This is a new, girly, gentrified look for cannabis products. "Rosé is a trend specific to women with purchasing power," says Saka's president, Cynthia Salarizadeh. The cannabis rosés are explicitly targeting an affluent, 21- to 65-year-old female demographic, which is already buying actual rosé wine in droves: According to Impact Databank, U.S. rosé wine sales reached 18.7 million cases in 2018, up 1.2 million from three years earlier.

Whereas Saka's packaging might be described as bachelorette party-psychedelic, and Viv & Oak has a kind of sexy-housewife vibe (marketing shots show the bottle surrounded by chocolate-covered strawberries), Rebel Coast is more brosé: Its label promises "it'll turn out better than that time you went to the Fyre Festival."

Meanwhile, legal cannabis looked on track for $3.1 billion in sales in California in 2019, three years into legalization. Within this growing industry, beverages are potentially an untapped goldmine. Alcohol behemoths AB InBev and Constellation have made major investments in the cannabis space, to the tune of $50 million and $5 billion, respectively. Saka, Viv & Oak and Rebel Coast are still small, each producing under 5,000 cases this year, but infused beverages could represent $375 million in sales by 2022, according to the firm BDS Analytics.
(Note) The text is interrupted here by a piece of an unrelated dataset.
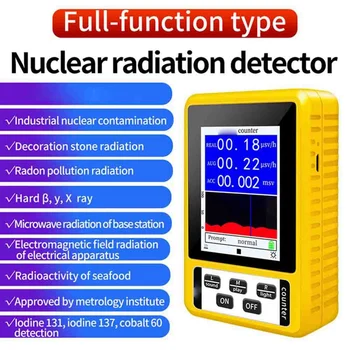 Jedrsko Sevanje Detektor Z LCD Zaslonom Dozimeter Detektorji Beta Gama X-Ray Tester Prenosni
"The opportunity in cannabis is a big blue ocean," says Macai Polansky, co-founder of Spacestation, a new Sacramento company that bottles cannabis-infused beverages for other businesses, as well as produces its own brand of cannabis-infused seltzers called Nectr. "Packaged beverage makes up 30 to 60% of sales in grocery stores, but right now it's only about 1% of a dispensary's sales."

But cannabis and wine (or seltzer, or kombucha) might not be such easy bedfellows. For one thing, dispensaries might not want to deal with the hassle of bottled beverages. "A pallet of vape cartridges could be worth $500,000, whereas a pallet of beverages might be worth $20,000 to $30,000," Polansky says. Refrigerated storage and transportation are essential for beverages, but most retail and distribution channels aren't yet set up for it.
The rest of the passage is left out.